Cook County is the only county in the state that has a different assessment level for different types of property. Since the number of tax parcels in Cook County is so large, one third of the parcels are reassessed each year. As a result, the assessment on a particular parcel occurs once every three years.
Currently, residential, vacant land, apartments (over 6 units after 2011), and low income rental apartments are assessed at 10 percent of full market value as opposed to not-for-profit, commercial, and industrial properties that are assessed at 25 percent of full market value. The current predicament of state, county and city finances will tend to increase the various tax levies.
Calculation of Tax
However, the calculation of the tax due reaches far beyond the assessment ratio. To calculate the tax due on a property, the assessed value is estimated and then multiplied by a state equalization factor, which is reduced by any applicable exemption such as homestead, senior citizen or returning veterans’ exemptions. Lastly, that figure is multiplied by a local tax rate.

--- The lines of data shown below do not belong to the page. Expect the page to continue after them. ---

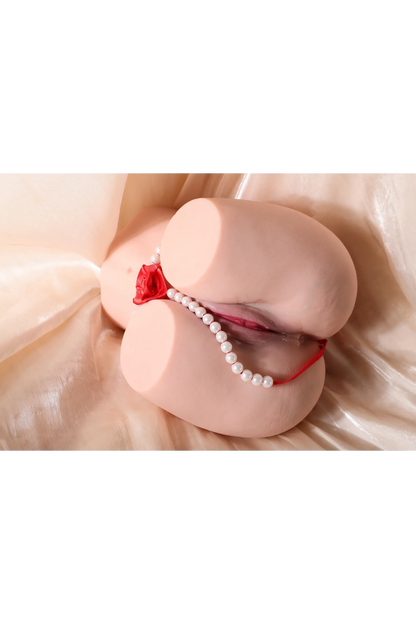Gabriella TPE Sex Torso Realistic, Durable & Comfortable Design YouQDOLL Sex Doll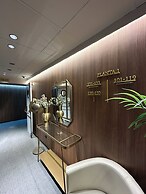 Sweet Hotel Renasa
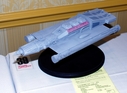 Filename=Tubeship_Studio_Scale_Replica_16.jpg
Filesize=801KiB
Dimensions=1200x878
Date added=Nov 15, 2015 Tubeship_Studio_Scale_Replica_16.jpg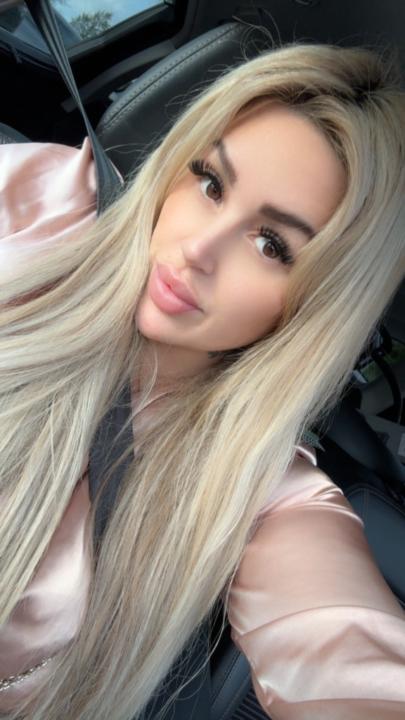 Medina Persson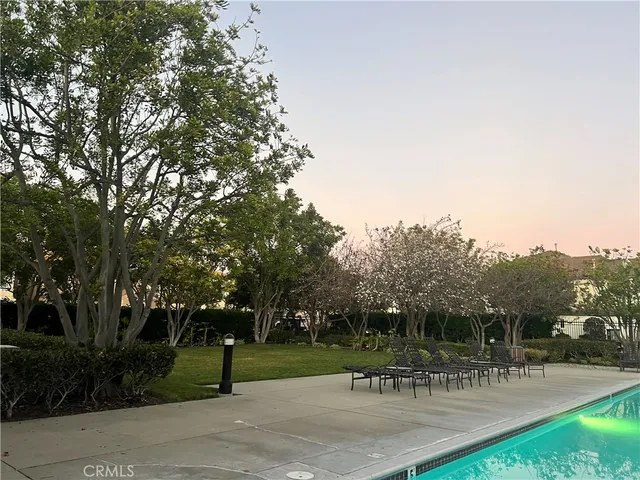 $4,375 | 3356 Via Parma, Costa Mesa, CA 92626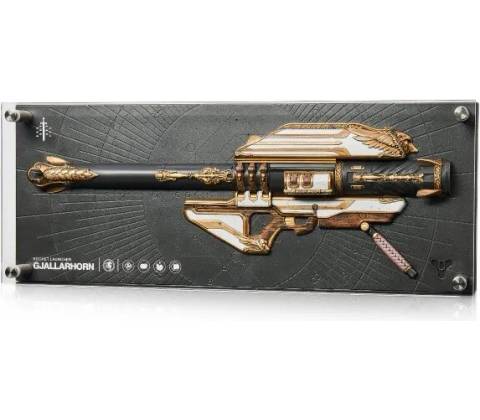 Numskull Osud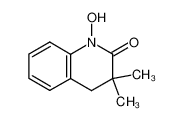 112565-72-7 structure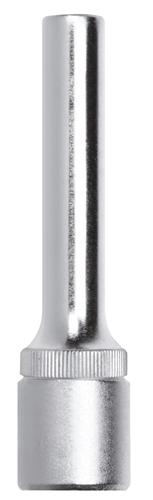 Hysa 1/4" lång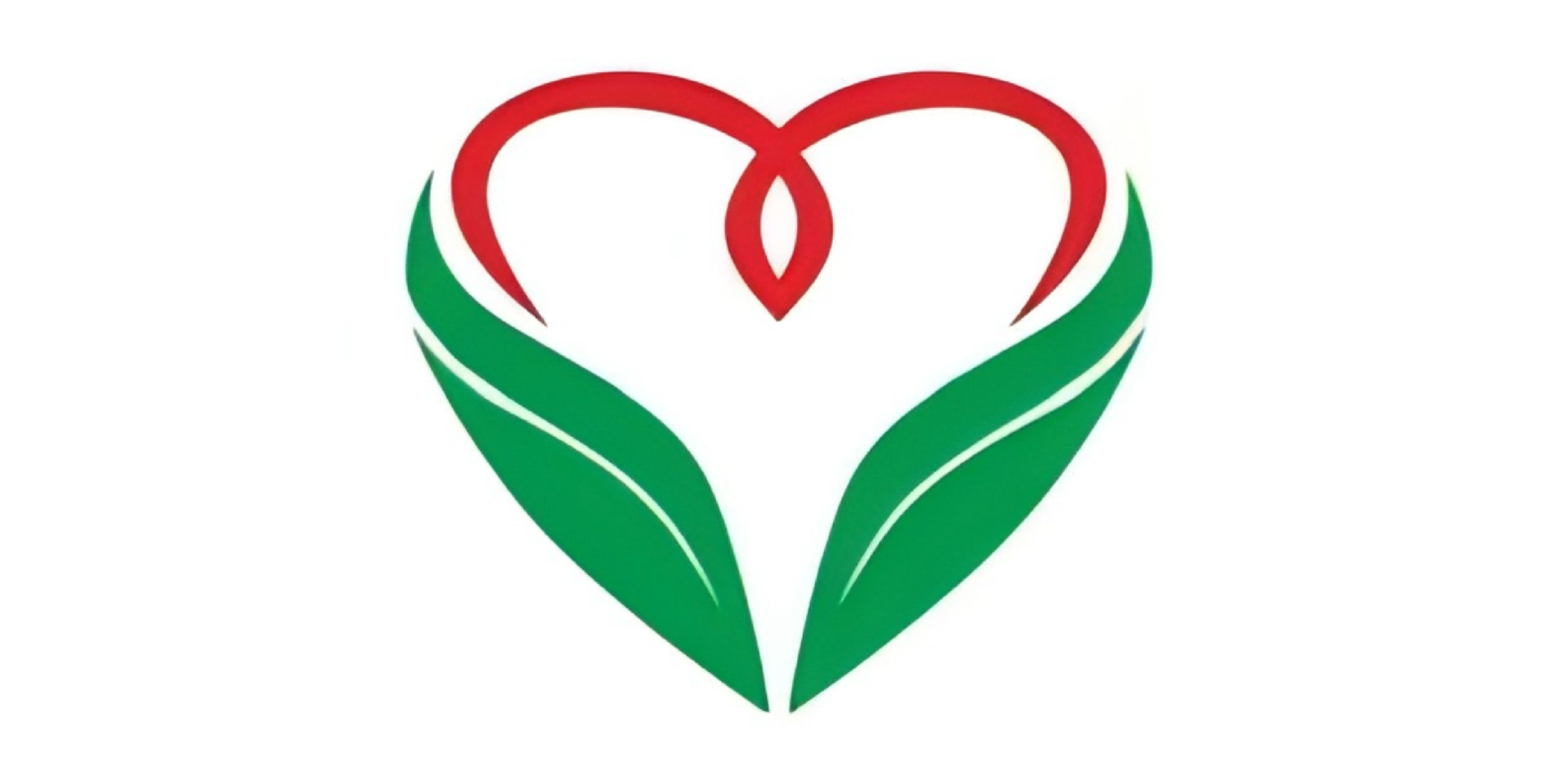 艾美新材料（南通）有限公司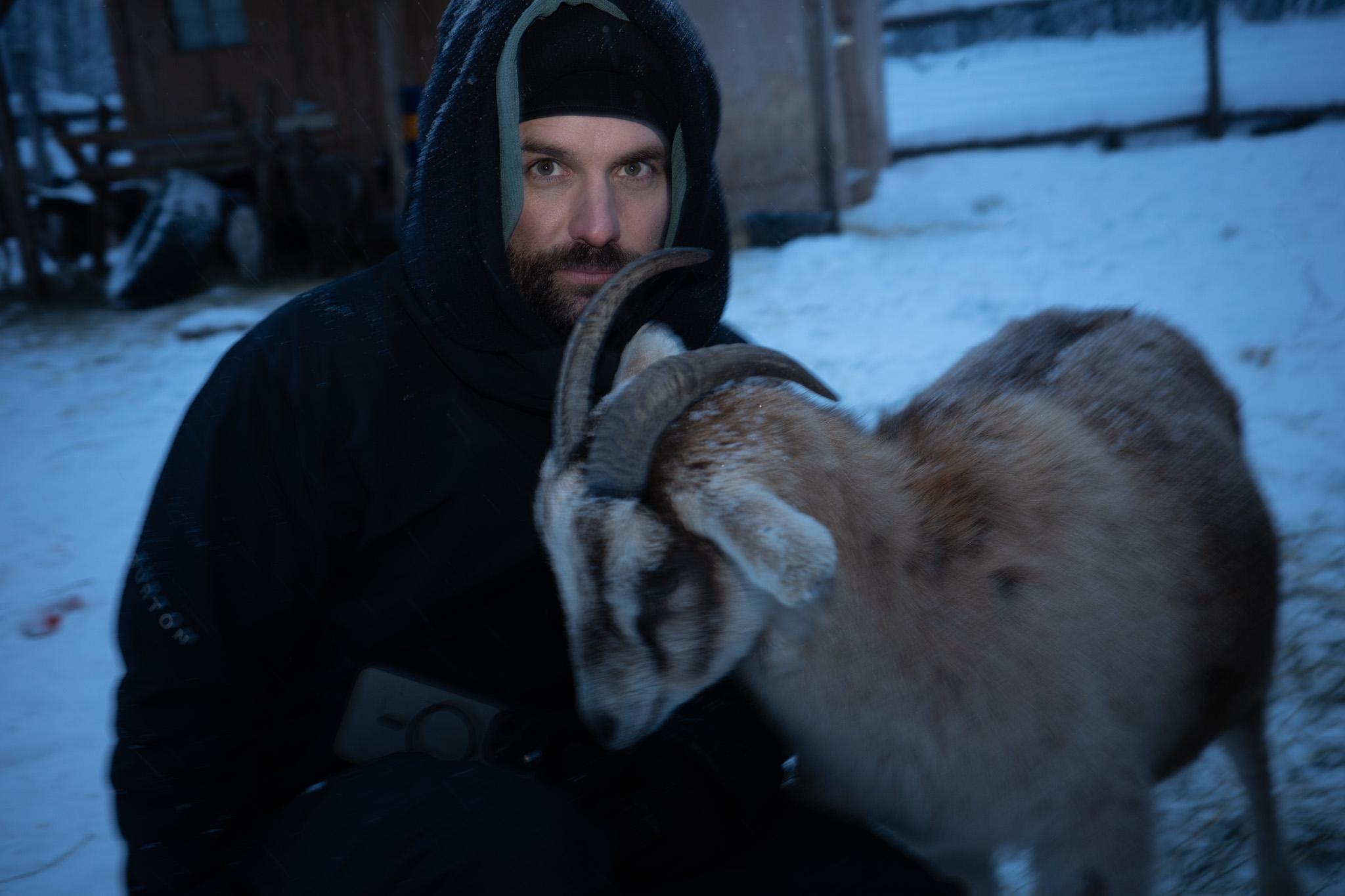 Curious why this moment matters? Curious why this moment matters?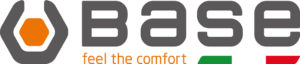 base λογο
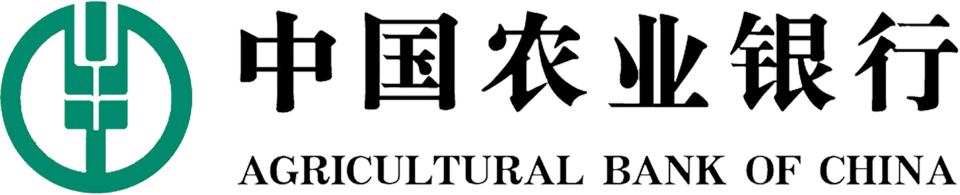 SqwoF, 本次举重比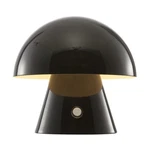 Jonathan Lighting JYL7116 Boletus 7" Tall Led Buffet Table Lamp. Fixed Price $82.40.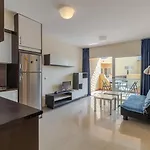 Appartement Casa Coco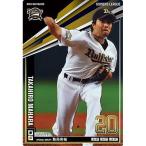 Yahoo! Yahoo!ショッピング(ヤフー ショッピング)オーナーズリーグ 2013 02 OL14-135：馬原孝浩（グレイト） オリックス・バファローズ バンダイ ネットカードダス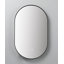 Miroir avec miroir anti-buée-115192195-115192197-115192202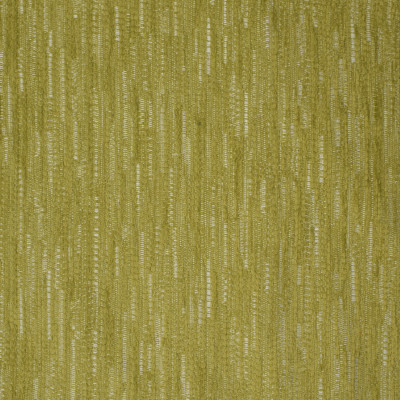 S2243 Grass Fabric: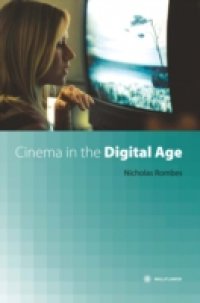 Cinema in the Digital Age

Tax = Assessed Value x Equalization Factor (reduced by proper exemptions) x Tax Rate
State law requires that all properties in every county in Illinois be assessed at a third of market value. However, Cook County has been allowed to assess differently at two assessment levels (10% and 25%) as the county assessments need to be fair relative to the rest of the state. In Cook County, the assessment is equalized to bring the evaluation to the level of properties in other Illinois counties. Determined by the Illinois Department of Revenue, the equalization factor aids in fairly assessing the property tax respective to the location.
Illinois Equalization Factor in Years Prior:
2014 = 2.6922
Real Estate Tax Bill
The real estate tax bill that is levied against a property is only partially based on estimated value. Assessors estimate value based on a mass appraisal technique for purposes of attempting uniformity of evaluation. Once the proper assessment ratio is applied to the assessor’s estimate of market value, the next component is the one that really shapes the tax bill:
The local tax rate is applied – The rate is based upon the needs of various local districts – schools, water departments, municipal governments, employee pensions, etc., and is tabulated by the County Clerk.
Further, taxes can vary from township to township. If the demands of a local area change, and it experiences decreasing real estate values, the assessed values will also decrease. Where there is a lack of industrial or commercial property that can capture the higher assessment ratio, there could be a higher tax bill than found in an area where there are fewer industrial and commercial properties. The “shortfall” must be spread across the other property owners.
Real estate values will remain relatively stable and as a result the equalization factor may not move much from one year to the next. That leaves the tax rate as the only real option for raising revenues. What long-term effects will this have? It remains to be seen. But, real estate taxes are the largest expense a property will bear, with the exception of debt payments. Ever increasing real estate taxes could gradually push businesses and residences to reevaluate their current locations and possibly explore alternatives.